Task inputs:

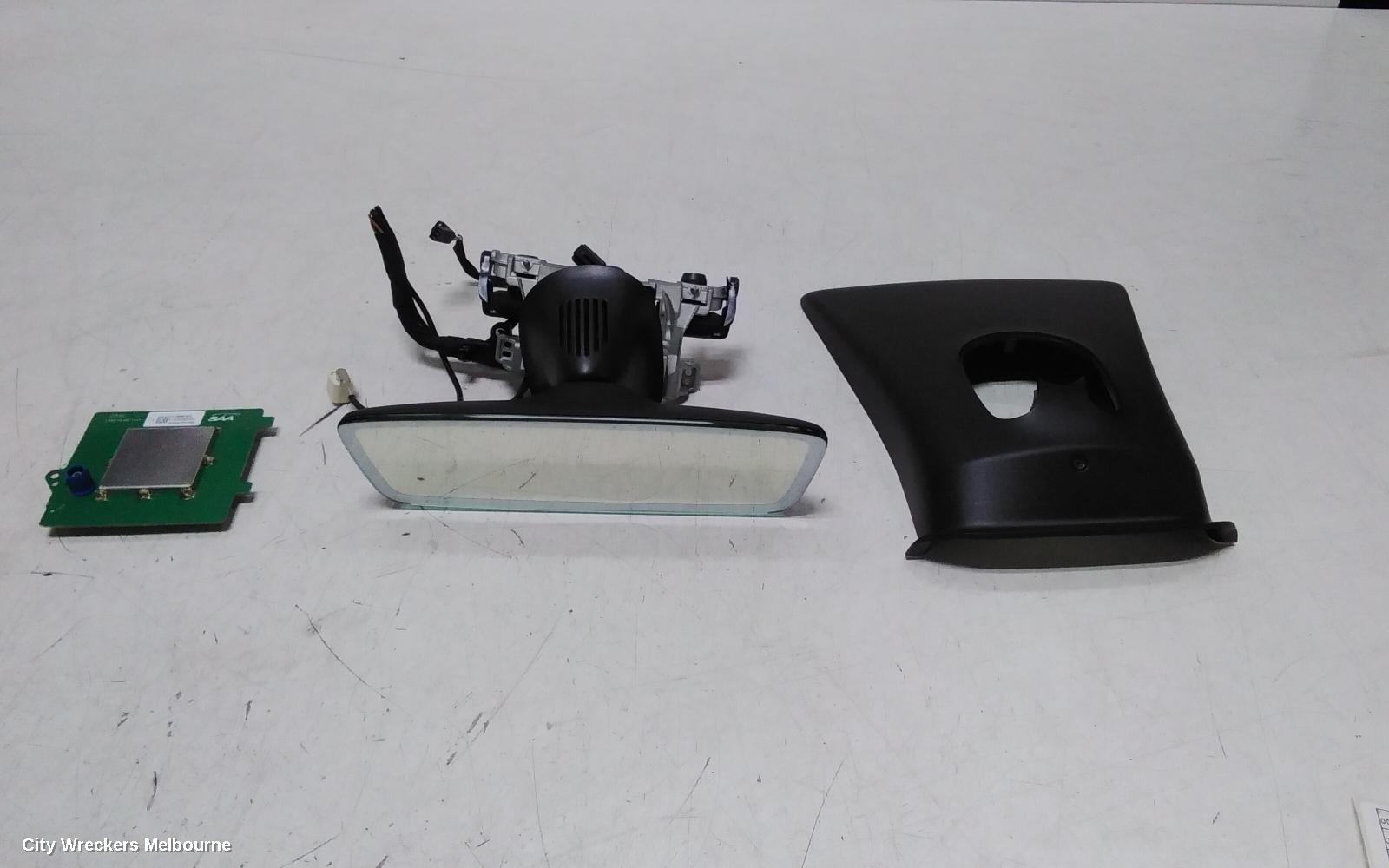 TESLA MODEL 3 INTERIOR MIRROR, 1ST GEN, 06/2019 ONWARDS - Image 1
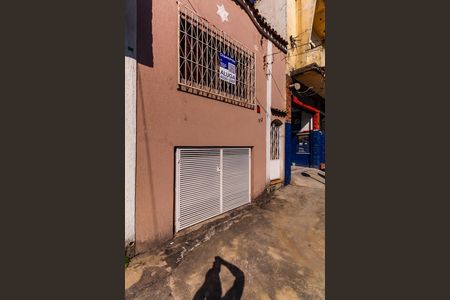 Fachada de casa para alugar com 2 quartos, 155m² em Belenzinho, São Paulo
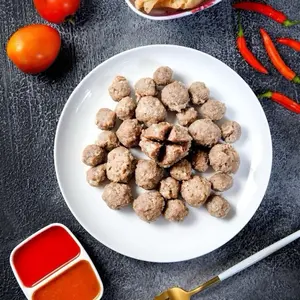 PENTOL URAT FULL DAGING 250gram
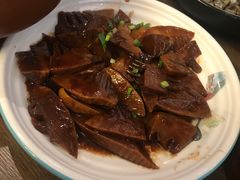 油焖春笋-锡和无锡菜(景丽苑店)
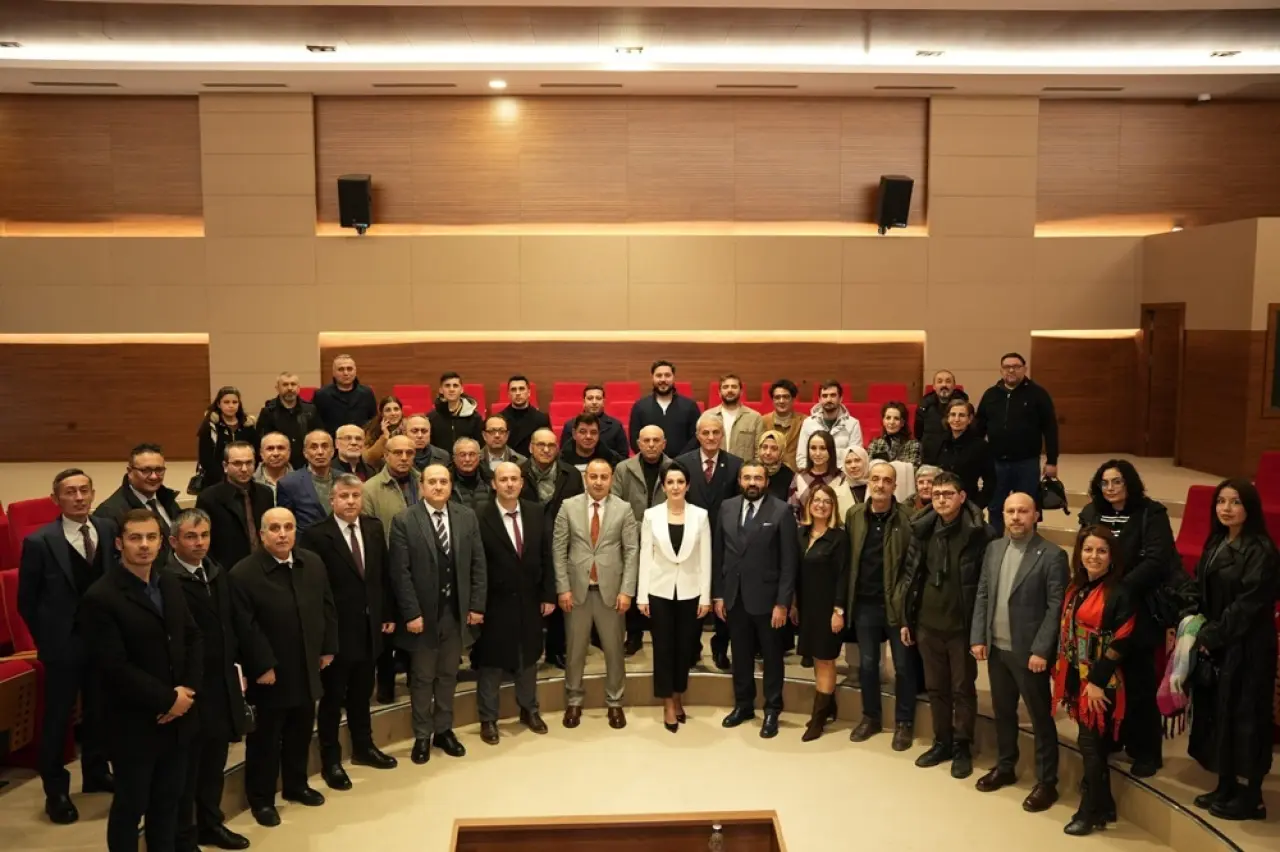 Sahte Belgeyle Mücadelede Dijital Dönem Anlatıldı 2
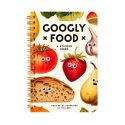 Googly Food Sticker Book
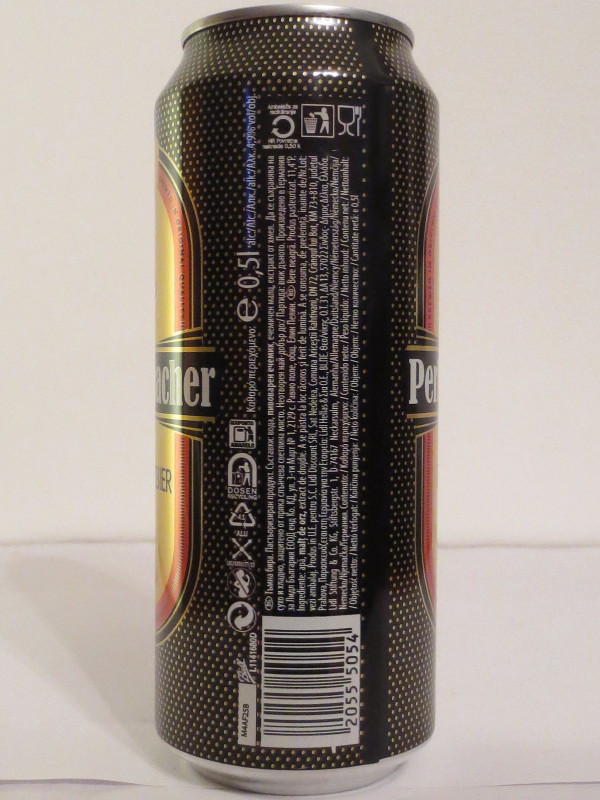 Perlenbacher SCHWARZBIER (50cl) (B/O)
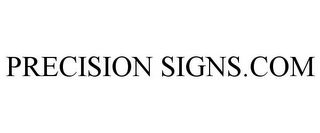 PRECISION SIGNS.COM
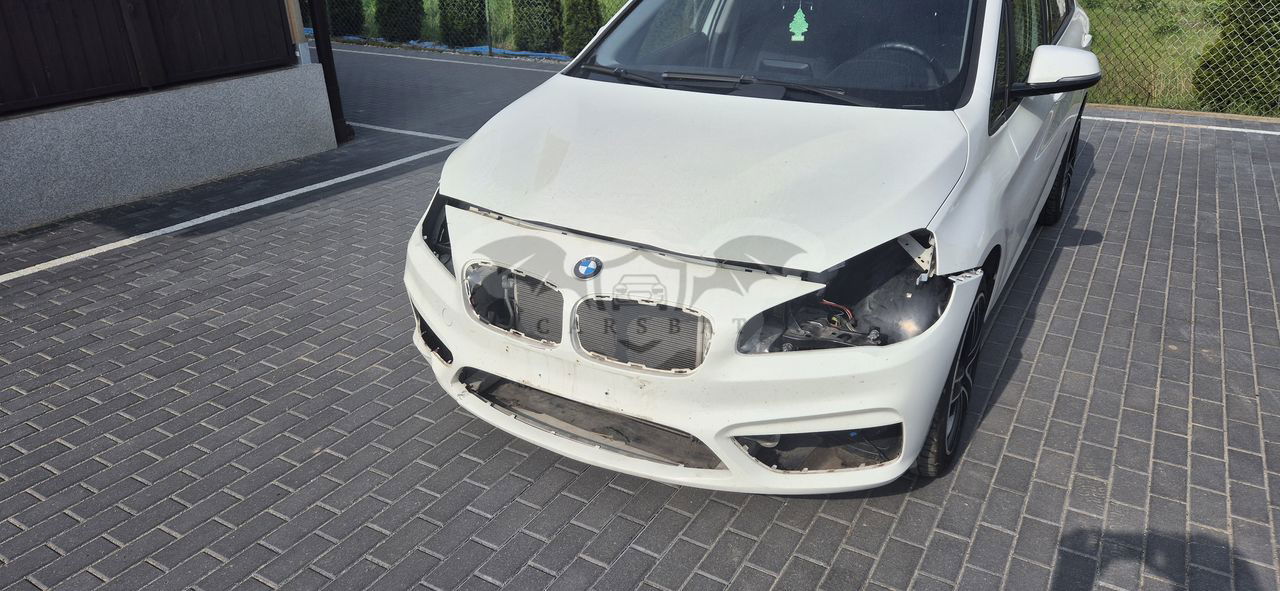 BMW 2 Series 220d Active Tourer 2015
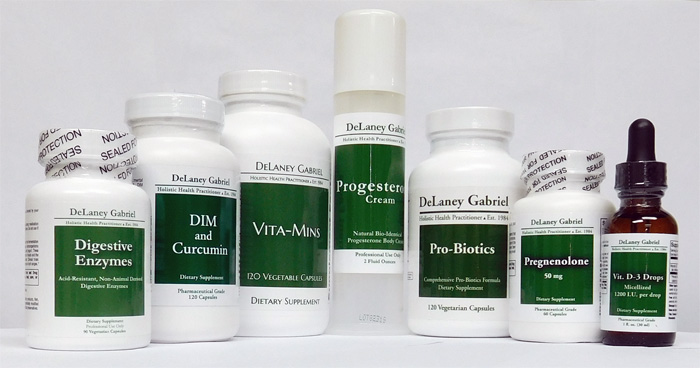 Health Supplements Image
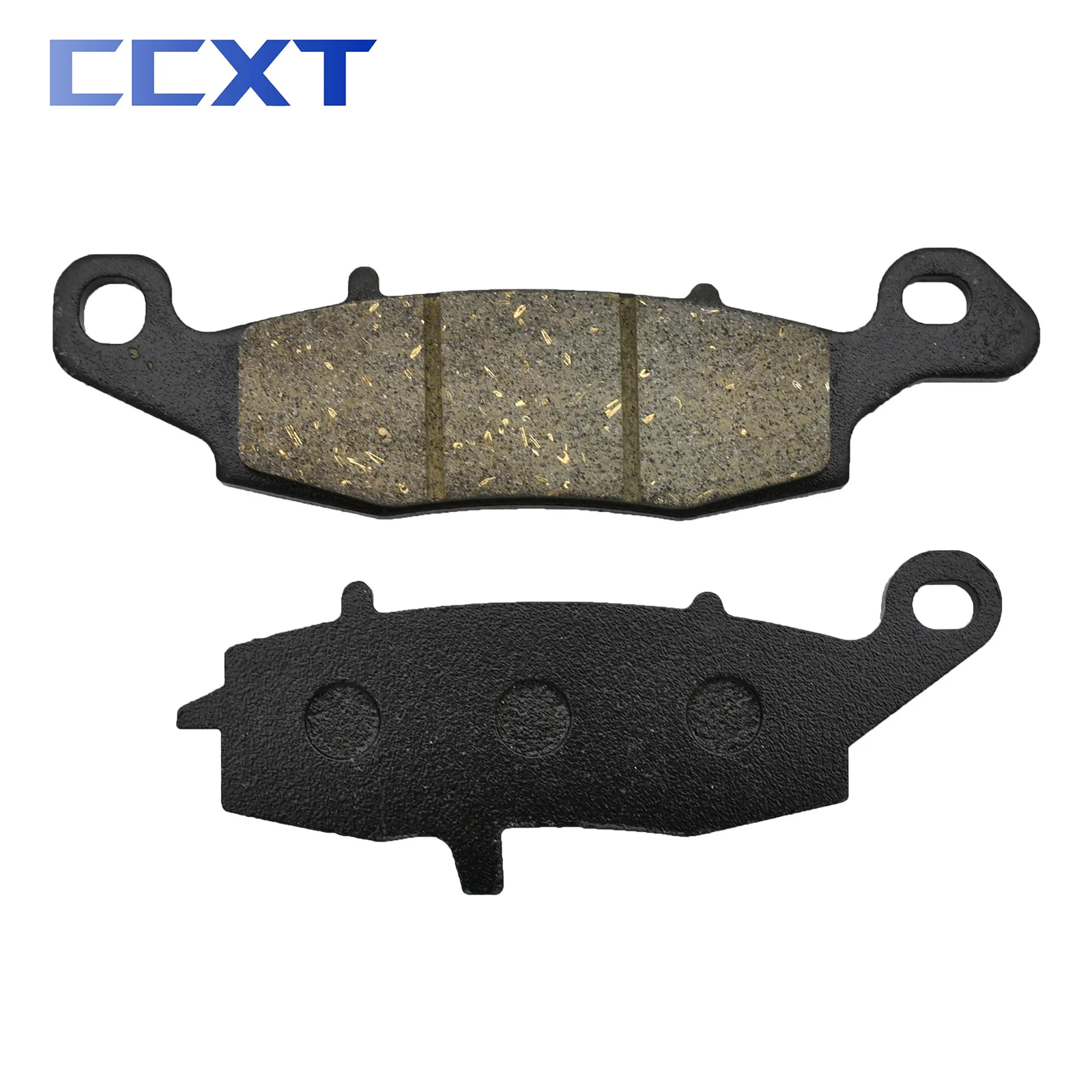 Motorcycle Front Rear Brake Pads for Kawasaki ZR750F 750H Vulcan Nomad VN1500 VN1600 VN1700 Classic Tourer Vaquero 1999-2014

Task brief: Except for the pictures, set down all of the records exactly.

Exercise response:
 TESLA MODEL 3 INTERIOR MIRROR, 1ST GEN, 06/2019 ONWARDS - Image 1
 Fachada de casa para alugar com 2 quartos, 155m² em Belenzinho, São Paulo
 PENTOL URAT FULL DAGING 250gram
 油焖春笋-锡和无锡菜(景丽苑店)
 Sahte Belgeyle Mücadelede Dijital Dönem Anlatıldı 2
 Googly Food Sticker Book
 Perlenbacher SCHWARZBIER (50cl) (B/O)
 PRECISION SIGNS.COM
 BMW 2 Series 220d Active Tourer 2015
 Health Supplements Image
 Motorcycle Front Rear Brake Pads for Kawasaki ZR750F 750H Vulcan Nomad VN1500 VN1600 VN1700 Classic Tourer Vaquero 1999-2014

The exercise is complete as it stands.